Model Data with the Generalized Extreme Value Distribution

This example uses:

The extreme value distribution is used to model the largest or smallest value from a group or block of data. Three types of extreme value distributions are common, each as the limiting case for different types of underlying distributions. For example, the type I extreme value is the limit distribution of the maximum (or minimum) of a block of normally distributed data, as the block size becomes large.
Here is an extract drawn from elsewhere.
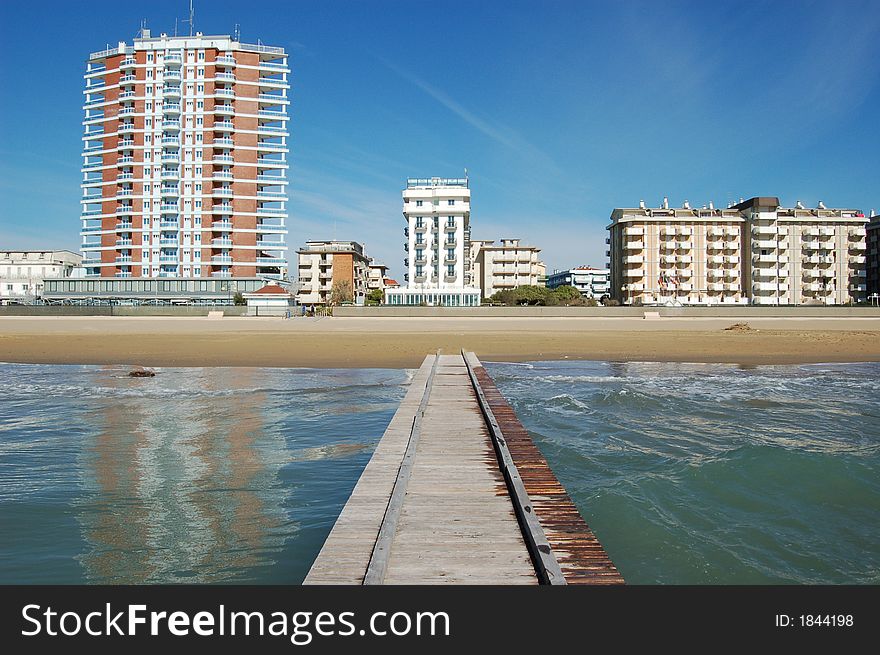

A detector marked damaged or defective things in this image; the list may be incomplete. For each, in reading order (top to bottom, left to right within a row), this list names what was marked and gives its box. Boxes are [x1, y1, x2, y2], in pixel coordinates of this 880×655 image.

rusty metal rail [460, 352, 624, 588]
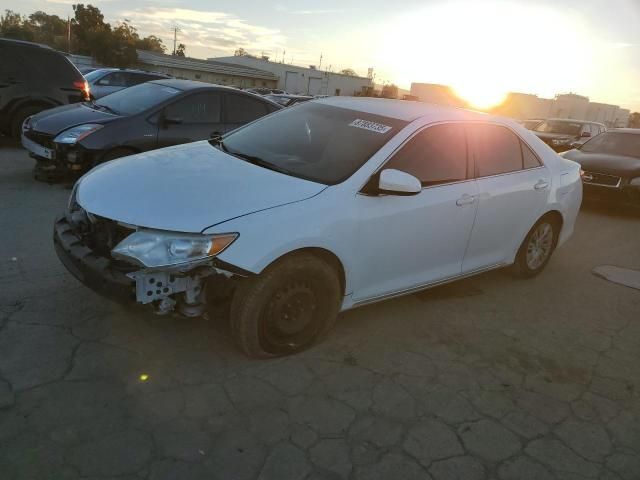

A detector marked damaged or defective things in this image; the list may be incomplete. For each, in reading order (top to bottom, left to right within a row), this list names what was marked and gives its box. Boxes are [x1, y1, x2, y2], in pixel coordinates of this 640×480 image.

The Generalized Extreme Value Distribution

The Generalized Extreme Value (GEV) distribution unites the type I, type II, and type III extreme value distributions into a single family, to allow a continuous range of possible shapes. The GEV distribution is parameterized with location and scale parameters, mu and sigma, and a shape parameter, k. When k < 0, the GEV is equivalent to the type III extreme value. When k > 0, the GEV is equivalent to the type II. In the limit as k approaches 0, the GEV becomes the type I.

Plot the pdfs of the three GEV distribution types.

x = linspace(-3,6,1000);
sigma = 1;
mu = 0;
plot(x,gevpdf(x,-0.5,sigma,mu),"-", x, ...
    gevpdf(x,0,sigma,mu),"-", x,gevpdf(x,.5,sigma,mu),"-");
xlabel("(x – mu) / sigma");
ylabel("Probability Density");
legend({"k < 0, Type III" "k = 0, Type I" "k > 0, Type II"});

Figure contains an axes object. The axes object with xlabel (x – mu) / sigma, ylabel Probability Density contains 3 objects of type line. These objects represent k < 0, Type III, k = 0, Type I, k > 0, Type II.

Notice that for k < 0 or k > 0, the density has zero probability above or below, respectively, the upper or lower bound (–1/k). In the limiting case as k approaches 0, the GEV is unbounded. This can be summarized as the constraint that 1 + k*(y – mu)/sigma must be positive.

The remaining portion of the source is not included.